Tutto ciò che può essere sperimentato non è di certo il Sè, in quanto Esso è ciò testimonia e rende possibile ogni esperienza senza a sua volta poter essere sperimentato. Come può l’occhio vedere se stesso? L’occhio può solo intuire se stesso e dunque prendere coscienza di “essere” se stesso. Il risveglio è appunto questa intuizione diretta, immediata, a-temporale, che tuttavia deve a sua volta essere integrata a livello psicofisico. E questo può richiedere tempo perchè è come riaccordare uno strumento a una frequenza totalmente nuova. Dunque più che una differenziazione tra illuminazione e risveglio credo sia più corretto parlare di “lampi” di risveglio e un risveglio armonicamente reintegrato a livello psicofisico. Balsekar chiamava il periodo tra i due periodo “flip flop”. 🙂
parlare di correttezza delle parole quando queste non possono descrivere la realtà temo non sia adeguato. in questo caso specifico sono solo cartelli, quindi conviene valutarle in termini di velocità con la quale ti fanno cogliere dove sei e dove stai andando, permettendoti di rilassare ciò che altrimenti ostacola. flip-flop è un concetto inaccettabile per la mente, e ho conosciuto centinaia di ricercatori in lotta proprio con il flip-flop. peraltro Adya descrive varie volte il viaggio, anche il suo personale, con parole molto simili a quelle usate qui…
In che senso il flip-flop è un concetto inaccettabile per la mente?
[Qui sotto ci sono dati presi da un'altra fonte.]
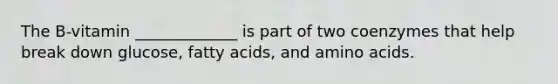 The B-vitamin _____________ is part of two coenzymes that help break down glucose, fatty acids, and amino acids.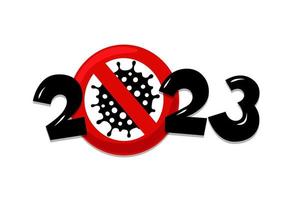 2023 number with coronavirus COVID-19 epidemic stop sign. Holiday greeting card New Year without virus pandemic vector eps illustration design template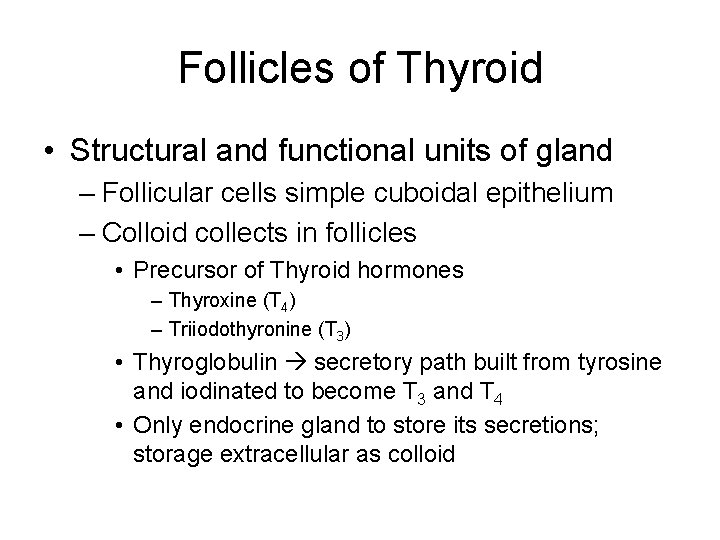 Follicles of Thyroid • Structural and functional units of gland – Follicular cells simple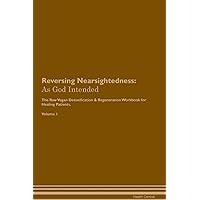 Reversing Nearsightedness: As God Intended The Raw Vegan Plant-Based Detoxification & Regeneration Workbook for Healing Patients. Volume 1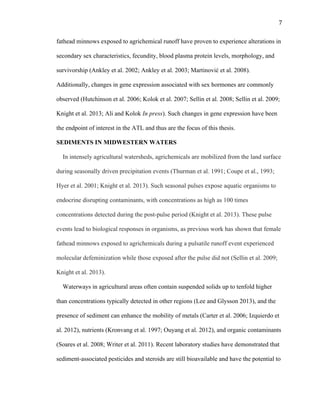7	
  
fathead minnows exposed to agrichemical runoff have proven to experience alterations in
secondary sex characteristics, fecundity, blood plasma protein levels, morphology, and
survivorship (Ankley et al. 2002; Ankley et al. 2003; Martinović et al. 2008).
Additionally, changes in gene expression associated with sex hormones are commonly
observed (Hutchinson et al. 2006; Kolok et al. 2007; Sellin et al. 2008; Sellin et al. 2009;
Knight et al. 2013; Ali and Kolok In press). Such changes in gene expression have been
the endpoint of interest in the ATL and thus are the focus of this thesis.
SEDIMENTS IN MIDWESTERN WATERS
In intensely agricultural watersheds, agrichemicals are mobilized from the land surface
during seasonally driven precipitation events (Thurman et al. 1991; Coupe et al., 1993;
Hyer et al. 2001; Knight et al. 2013). Such seasonal pulses expose aquatic organisms to
endocrine disrupting contaminants, with concentrations as high as 100 times
concentrations detected during the post-pulse period (Knight et al. 2013). These pulse
events lead to biological responses in organisms, as previous work has shown that female
fathead minnows exposed to agrichemicals during a pulsatile runoff event experienced
molecular defeminization while those exposed after the pulse did not (Sellin et al. 2009;
Knight et al. 2013).
Waterways in agricultural areas often contain suspended solids up to tenfold higher
than concentrations typically detected in other regions (Lee and Glysson 2013), and the
presence of sediment can enhance the mobility of metals (Carter et al. 2006; Izquierdo et
al. 2012), nutrients (Kronvang et al. 1997; Ouyang et al. 2012), and organic contaminants
(Soares et al. 2008; Writer et al. 2011). Recent laboratory studies have demonstrated that
sediment-associated pesticides and steroids are still bioavailable and have the potential to
 
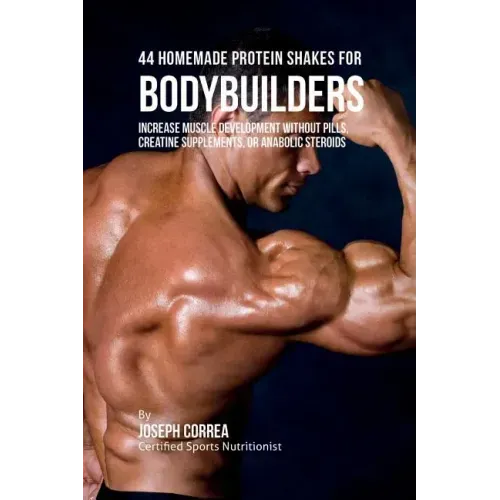 44 Homemade Protein Shakes for Bodybuilders: Increase Muscle Development without Pills, Creatine Supplements, or Anabolic Steroids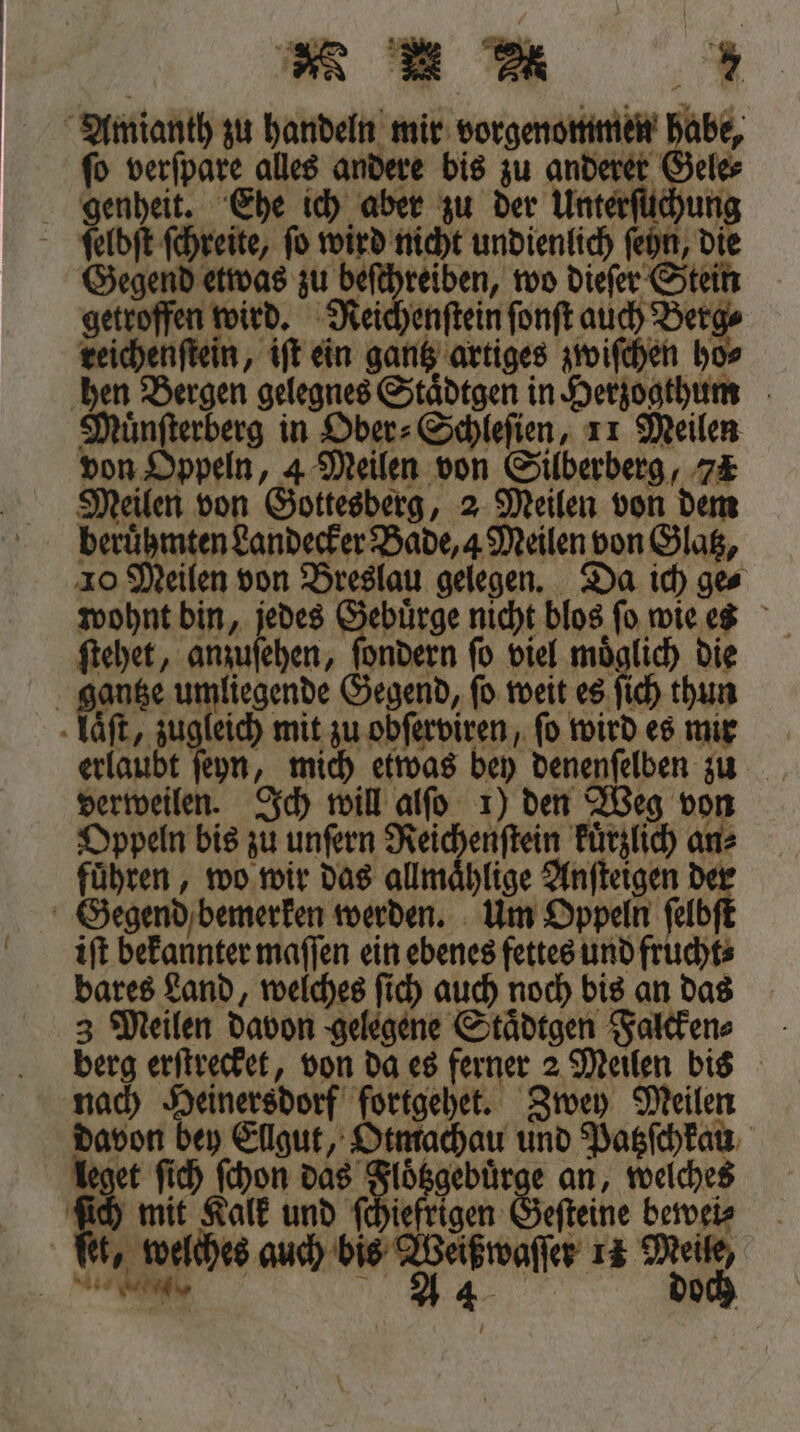 * * M * Amianth zu handeln mir vorgenommen habe, ſo verſpare alles andere bis zu anderer Gele⸗ genheit. Ehe ich aber zu der Unterſüchung ;ᷓętelbſt ſchreite, fo wird nicht undienlich ſeyn, die Gegend etwas zu beſchreiben, wo dieſer Stein getroffen wird. Neichenſtein Fo reichenſtein, iſt ein gantz artiges zwiſchen ho hen Bergen gelegnes Staͤdtgen in Herzogthum Muͤnſterberg in Ober⸗Schleſien, 11 Meilen von Oppeln, 4 Meilen von Silberberg, 7&amp; Meilen von Gottesberg, 2 Meilen von dem berühmten Landecker Bade, 4 Meilen von Glatz, 10 Meilen von Breslau gelegen. Da ich ges wohnt bin, jedes Gebuͤrge nicht blos ſo wie es ſtehet, den, ſondern ſo viel moͤglich die gantze umliegende Gegend, ſo weit es ſich thun laͤſt, zugleich mit zu obſerviren, fo wird es mir erlaubt ſeyn, mich etwas bey denenſelben zu verweilen. Ich will alſo 1) den Weg von Oppeln bis zu unſern Reichenſtein kuͤrzlich an⸗ fuͤhren, wo wir das allmaͤhlige Anſteigen 55 Gegend bemerken werden. Um Oppeln ſelb iſt bekannter maſſen ein ebenes fettes und frucht⸗ bares Land, welches ſich auch noch bis an das 3 Meilen davon gelegene Staͤdtgen Falcken⸗ berg erſtrecket, von da es ferner 2 Meilen bis nach Heinersdorf fortgehet. Zwey Meilen davon bey Ellgut, Otmachau und Patzſchkau leget ſich ſchon das Floͤtzgebuͤrge an, welches ſich mit Kalk und ſchiefrigen Geſteine bewei⸗ ſet, welches ee er 14 R 4 och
Io lo vedrei invece come l’esatto opposto, ovvero la resistenza del piano mentale a integrare le forti implicazioni che uno o più “glimpse” sulla nostra vera natura comportano…
Da un punto di vista strettamente personale è uno stato che genera notevole frustrazione. Ti sarà capitato di sicuro di vedere quante domande sul “I got It, I lost It!” si sono sentite e ancora si sentono ai satsang. Se invece guardi il flip flop dalla prospettiva di dove ti trovi nel “viaggio” è più facile accettare la temporaneità dei glimpse e rilassarsi, il che è anche il modo migliore per lasciare che la grazia entri in tutti gli aspetti della vita.